Fino ad oggi, tutti si sono rivelati errati! Alcuni degli esponenti più
agguerriti di
Apocalisse hanno
esasperato a tal punto le autorità preposte al rispetto delle leggi da far
intervenire l’esercito (la setta dei davidiani a Waco in Texas). D’altra
parte, molti cristiani credenti non pensano che l’autore conoscesse il
futuro in alcun senso al di là di una convinzione assoluta che Dio
trionferebbe salvando coloro che sono rimasti fedeli e sconfiggendo le forze
del
male. Questa valutazione può essere difesa mediante uno
studio del
Genere letterario apocalittico,
con cui inizieremo. Dopo questo, verrà l'Analisi generale un po’ più lunga del solito, poiché
Apocalisse è difficile da capire: «questo libro, più di ogni
altro scritto del NT, richiede un commento» (Harrington,
Revelation,
XIIl).
Poi le sottosezioni saranno
dedicate a:
Struttura, Ruolo della liturgia, Millenarismo (20,4-5),
Paternità,
Data e ambientazione (persecuzione sotto Domiziano?), Problemi e spunti di
riflessione, e Bibliografia
Informazioni essenziali
DATA: probabilmente tra il 92 e il 96 d.C. alla fine del regno
dell’imperatore Domiziano.
DESTINATARI: le
chiese nel settore
occidentale dell’Asia Minore.
AUTENTICITÀ:
scritta da un profeta giudeo-cristiano di nome Giovanni che non era né
Giovanni figlio di Zebedeo, né lo scrittore del Vangelo giovanneo o delle
epistole.
UNITÀ: solo pochi studiosi sostengono che siano state messe
insieme due apocalissi (della stessa mano o scuola) - un tentativo di
spiegare le ripetizioni e, a quanto pare, le diverse prospettive temporali.
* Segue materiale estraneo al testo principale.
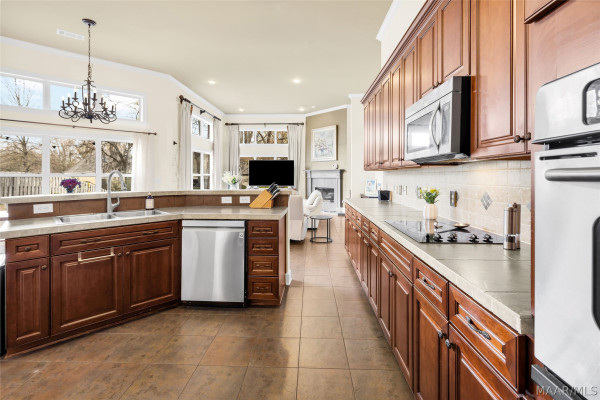 8725 MARSH RIDGE Drive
INTEGRITÀ: lo scrittore potrebbe aver incluso visioni e brani
che facevano già parte della tradizione apocalittica cristiana, in generale
però l’opera è interamente sua.
Divisione per contenuti:
A.
Prologo: 1,1-3
B.
Lettere alle sette Chiese: 1,4-3,22
formula di apertura con
annessa lode, promessa e risposta divina
(1,4-8)
visione inaugurale
(1,9-20)
sette lettere
(2,1-3,22)
C. Parte
I
dell’esperienza di rivelazione:
4,1—11,19
visioni della corte celeste:
colui che è sul trono e l’agnello (4,1-5,14)
sette sigilli (6,1—8,1)
sette trombe (8,2-11,19)
D.
Parte II della esperienza di rivelazione: 12,1-22,5
visioni del dragone, le bestie e l’agnello (12,1—14,20)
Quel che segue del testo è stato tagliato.